Instead teachers are meant to try using the research findings in their classes, learning from this, and 
reporting back. The aim is to come up with a programme through which groups of teachers and 
teaching assistants are encouraged to review the evidence about feedback and work together to 
develop concrete examples of how they can apply this in the classroom. 


The impact evaluation is to estimate the impact of the proposed intervention on pupils’ attainment, with 
a special focus on FSM-eligible and other disadvantaged pupils. There is no true counterfactual and 
comparison is made with results in other local schools identified by the developer, and with the 
published results of all other primary schools in the same local authority. As such, the impact 
evaluation is largely to provide an estimated effect size for any intervention that could be used in 
future scaled-up trials. The aim of the process evaluation is to provide formative evidence on all 
phases and aspects of the template intervention from cascading the training to evaluating the 
outcomes. It will involve the perceptions of participants including any resentment or resistance, and 
lead to advice on improvements and issues for subsequent scaling up. 

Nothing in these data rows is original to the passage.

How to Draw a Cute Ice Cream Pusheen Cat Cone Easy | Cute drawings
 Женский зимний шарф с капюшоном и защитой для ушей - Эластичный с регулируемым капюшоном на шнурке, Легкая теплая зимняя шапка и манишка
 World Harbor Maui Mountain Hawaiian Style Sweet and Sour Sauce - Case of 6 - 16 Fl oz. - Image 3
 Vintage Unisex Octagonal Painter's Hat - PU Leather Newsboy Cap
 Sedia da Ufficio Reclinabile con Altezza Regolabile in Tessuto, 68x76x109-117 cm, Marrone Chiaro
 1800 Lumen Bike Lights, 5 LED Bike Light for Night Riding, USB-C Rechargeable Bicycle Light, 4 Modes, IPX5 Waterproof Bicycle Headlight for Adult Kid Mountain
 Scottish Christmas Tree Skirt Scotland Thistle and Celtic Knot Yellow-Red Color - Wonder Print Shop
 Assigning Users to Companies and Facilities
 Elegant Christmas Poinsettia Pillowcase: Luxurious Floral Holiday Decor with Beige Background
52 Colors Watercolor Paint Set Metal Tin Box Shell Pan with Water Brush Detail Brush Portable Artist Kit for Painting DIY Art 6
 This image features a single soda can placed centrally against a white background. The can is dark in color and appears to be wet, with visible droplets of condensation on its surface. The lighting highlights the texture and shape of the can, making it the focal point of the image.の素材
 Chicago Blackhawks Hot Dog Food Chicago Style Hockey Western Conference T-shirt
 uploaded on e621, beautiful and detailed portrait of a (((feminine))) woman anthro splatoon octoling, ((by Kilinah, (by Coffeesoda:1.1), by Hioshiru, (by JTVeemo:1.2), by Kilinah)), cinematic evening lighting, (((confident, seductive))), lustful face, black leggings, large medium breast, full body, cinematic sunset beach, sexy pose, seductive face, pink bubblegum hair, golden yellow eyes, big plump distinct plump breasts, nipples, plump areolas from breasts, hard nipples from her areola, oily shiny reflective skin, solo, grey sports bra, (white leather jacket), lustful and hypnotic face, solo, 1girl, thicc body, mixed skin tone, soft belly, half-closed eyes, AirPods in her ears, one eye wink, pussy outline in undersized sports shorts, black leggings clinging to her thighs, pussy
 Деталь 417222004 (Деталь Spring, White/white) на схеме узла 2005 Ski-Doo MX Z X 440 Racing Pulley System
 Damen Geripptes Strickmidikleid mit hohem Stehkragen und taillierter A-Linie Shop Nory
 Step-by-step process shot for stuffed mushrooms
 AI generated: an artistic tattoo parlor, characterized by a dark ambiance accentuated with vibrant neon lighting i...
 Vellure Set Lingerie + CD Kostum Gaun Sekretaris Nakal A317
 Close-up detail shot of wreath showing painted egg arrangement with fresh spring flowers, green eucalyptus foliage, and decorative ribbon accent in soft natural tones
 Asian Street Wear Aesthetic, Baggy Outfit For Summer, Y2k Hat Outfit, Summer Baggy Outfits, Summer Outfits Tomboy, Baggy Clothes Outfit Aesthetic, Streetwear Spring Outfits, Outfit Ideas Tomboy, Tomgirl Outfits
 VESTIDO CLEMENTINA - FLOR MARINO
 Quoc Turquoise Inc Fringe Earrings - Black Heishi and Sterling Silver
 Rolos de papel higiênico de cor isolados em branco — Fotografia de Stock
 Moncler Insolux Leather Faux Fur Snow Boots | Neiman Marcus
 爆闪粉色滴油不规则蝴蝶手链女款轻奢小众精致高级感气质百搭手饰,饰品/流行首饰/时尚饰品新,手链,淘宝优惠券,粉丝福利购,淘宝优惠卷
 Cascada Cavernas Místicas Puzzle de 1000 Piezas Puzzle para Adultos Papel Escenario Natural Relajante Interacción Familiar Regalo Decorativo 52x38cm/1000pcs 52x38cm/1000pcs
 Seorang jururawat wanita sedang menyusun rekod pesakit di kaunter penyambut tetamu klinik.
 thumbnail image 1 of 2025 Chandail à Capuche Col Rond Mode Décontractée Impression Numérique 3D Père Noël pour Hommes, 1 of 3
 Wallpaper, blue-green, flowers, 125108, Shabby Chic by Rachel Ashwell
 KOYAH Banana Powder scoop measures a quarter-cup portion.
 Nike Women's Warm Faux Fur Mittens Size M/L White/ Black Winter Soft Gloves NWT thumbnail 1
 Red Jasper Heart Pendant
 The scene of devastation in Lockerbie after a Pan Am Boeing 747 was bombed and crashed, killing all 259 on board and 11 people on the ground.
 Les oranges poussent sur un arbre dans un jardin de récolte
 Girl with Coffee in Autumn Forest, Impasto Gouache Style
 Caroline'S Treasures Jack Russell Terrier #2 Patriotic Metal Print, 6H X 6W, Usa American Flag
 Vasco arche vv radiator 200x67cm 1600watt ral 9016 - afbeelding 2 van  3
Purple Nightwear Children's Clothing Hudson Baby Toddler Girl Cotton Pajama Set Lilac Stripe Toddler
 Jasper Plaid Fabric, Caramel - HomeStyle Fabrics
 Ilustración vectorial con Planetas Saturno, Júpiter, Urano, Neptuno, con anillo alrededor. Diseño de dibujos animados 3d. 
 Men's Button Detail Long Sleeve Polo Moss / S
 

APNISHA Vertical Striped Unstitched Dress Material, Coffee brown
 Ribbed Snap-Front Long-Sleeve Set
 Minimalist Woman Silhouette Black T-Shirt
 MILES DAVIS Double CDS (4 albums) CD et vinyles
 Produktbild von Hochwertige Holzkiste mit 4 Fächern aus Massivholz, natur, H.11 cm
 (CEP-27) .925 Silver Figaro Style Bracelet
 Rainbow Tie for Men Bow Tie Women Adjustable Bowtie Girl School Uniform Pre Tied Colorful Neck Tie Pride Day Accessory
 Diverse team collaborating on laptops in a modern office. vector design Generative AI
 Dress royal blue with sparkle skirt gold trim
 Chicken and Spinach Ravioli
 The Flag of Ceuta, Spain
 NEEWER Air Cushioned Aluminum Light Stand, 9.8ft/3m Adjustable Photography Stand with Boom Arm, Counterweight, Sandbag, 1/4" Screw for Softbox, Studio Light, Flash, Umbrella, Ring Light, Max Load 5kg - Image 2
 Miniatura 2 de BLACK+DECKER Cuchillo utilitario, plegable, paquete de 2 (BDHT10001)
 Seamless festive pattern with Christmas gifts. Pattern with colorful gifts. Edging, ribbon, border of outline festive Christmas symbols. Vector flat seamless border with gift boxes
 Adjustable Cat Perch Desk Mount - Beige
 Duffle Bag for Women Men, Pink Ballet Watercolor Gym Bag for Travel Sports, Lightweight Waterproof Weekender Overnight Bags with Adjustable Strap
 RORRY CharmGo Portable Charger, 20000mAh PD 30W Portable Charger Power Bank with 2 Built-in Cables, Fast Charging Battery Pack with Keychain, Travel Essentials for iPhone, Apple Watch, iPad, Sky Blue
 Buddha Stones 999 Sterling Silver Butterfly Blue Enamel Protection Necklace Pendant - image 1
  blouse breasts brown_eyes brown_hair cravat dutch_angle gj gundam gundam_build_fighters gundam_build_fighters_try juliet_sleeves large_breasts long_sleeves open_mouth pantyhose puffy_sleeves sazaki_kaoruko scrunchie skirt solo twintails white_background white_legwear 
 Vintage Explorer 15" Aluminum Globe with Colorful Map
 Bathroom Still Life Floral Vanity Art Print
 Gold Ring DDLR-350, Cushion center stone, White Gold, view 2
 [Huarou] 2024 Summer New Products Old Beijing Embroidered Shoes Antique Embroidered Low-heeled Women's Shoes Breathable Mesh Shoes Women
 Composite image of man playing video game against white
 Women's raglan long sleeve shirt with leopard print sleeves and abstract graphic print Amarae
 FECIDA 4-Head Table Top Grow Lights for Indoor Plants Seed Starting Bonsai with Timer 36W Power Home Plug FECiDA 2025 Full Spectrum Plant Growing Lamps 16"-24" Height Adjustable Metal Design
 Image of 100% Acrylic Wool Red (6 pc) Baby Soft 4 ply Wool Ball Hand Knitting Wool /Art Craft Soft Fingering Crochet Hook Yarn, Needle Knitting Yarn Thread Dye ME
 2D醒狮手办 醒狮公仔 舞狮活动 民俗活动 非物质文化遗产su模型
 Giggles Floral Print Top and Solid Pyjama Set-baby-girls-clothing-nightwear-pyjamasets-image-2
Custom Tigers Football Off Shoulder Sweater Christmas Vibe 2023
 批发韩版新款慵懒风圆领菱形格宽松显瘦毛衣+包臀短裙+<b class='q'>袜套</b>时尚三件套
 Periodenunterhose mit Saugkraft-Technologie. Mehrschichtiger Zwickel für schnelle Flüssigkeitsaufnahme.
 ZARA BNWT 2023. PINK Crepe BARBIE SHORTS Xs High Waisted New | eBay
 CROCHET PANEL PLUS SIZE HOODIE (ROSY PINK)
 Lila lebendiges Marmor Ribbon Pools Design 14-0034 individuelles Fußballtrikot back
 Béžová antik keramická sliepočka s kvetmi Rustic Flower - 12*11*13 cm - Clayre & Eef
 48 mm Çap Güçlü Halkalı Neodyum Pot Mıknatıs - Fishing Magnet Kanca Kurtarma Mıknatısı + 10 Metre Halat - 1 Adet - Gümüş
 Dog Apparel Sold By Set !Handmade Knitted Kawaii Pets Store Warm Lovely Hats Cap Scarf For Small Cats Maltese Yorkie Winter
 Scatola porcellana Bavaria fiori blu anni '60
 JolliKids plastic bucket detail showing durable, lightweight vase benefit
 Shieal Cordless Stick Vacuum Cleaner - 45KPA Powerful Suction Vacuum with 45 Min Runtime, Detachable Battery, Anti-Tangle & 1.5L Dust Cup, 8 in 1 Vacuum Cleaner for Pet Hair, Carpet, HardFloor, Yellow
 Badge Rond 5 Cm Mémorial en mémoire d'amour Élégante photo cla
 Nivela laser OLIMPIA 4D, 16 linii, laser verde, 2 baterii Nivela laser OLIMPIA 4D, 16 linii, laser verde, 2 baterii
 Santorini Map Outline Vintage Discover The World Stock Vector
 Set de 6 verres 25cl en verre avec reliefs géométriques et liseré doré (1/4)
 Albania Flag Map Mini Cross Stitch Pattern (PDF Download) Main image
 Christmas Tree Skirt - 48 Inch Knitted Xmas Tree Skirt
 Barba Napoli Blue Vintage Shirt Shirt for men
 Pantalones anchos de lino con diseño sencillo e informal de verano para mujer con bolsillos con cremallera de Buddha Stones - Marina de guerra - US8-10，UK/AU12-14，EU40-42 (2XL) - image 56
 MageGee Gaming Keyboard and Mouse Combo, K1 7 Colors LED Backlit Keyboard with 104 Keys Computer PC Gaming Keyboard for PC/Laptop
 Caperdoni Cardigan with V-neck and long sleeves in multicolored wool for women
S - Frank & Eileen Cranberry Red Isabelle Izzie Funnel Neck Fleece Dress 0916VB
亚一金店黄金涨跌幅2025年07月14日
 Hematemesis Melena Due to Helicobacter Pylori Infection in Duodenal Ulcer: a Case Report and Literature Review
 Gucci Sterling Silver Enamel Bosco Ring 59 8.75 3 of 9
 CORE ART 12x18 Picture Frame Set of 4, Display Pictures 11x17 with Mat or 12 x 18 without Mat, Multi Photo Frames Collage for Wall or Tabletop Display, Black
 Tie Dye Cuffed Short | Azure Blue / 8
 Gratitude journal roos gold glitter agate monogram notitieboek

Schools themselves also evaluated the progress of their pupils at the end of each cycle. This progress 
relates to pupils’ understanding of the process of feedback (i.e. setting their own success criteria, 
assessing their own work, understanding what they need to do to improve and how to achieve this). 
This is done with the use of a teacher-developed Pupil Learner Effectiveness survey at the end of 
each cycle. Results from the survey were made available to evaluators who assisted with the analysis 
of the responses and provided appropriate suggestions and recommendations regarding the design 
and formulation for any future questionnaire, if the intervention is to be continued or introduced on a 
wider scale. 


The purpose of the process evaluation is thus to assist in improving the template for a later trial, and in 
deciding whether an action research approach is useful in such circumstances. Therefore, the process 
evaluation involves gathering additional data from observations and interviews with teachers, school 
leads and pupils. 


Project team 


The programme was developed and conducted by the Anglican School Partnership led by the 
executive head teacher of Trinitas Academy Trust. The school leads from the other nine schools in the 
Partnership supported the project.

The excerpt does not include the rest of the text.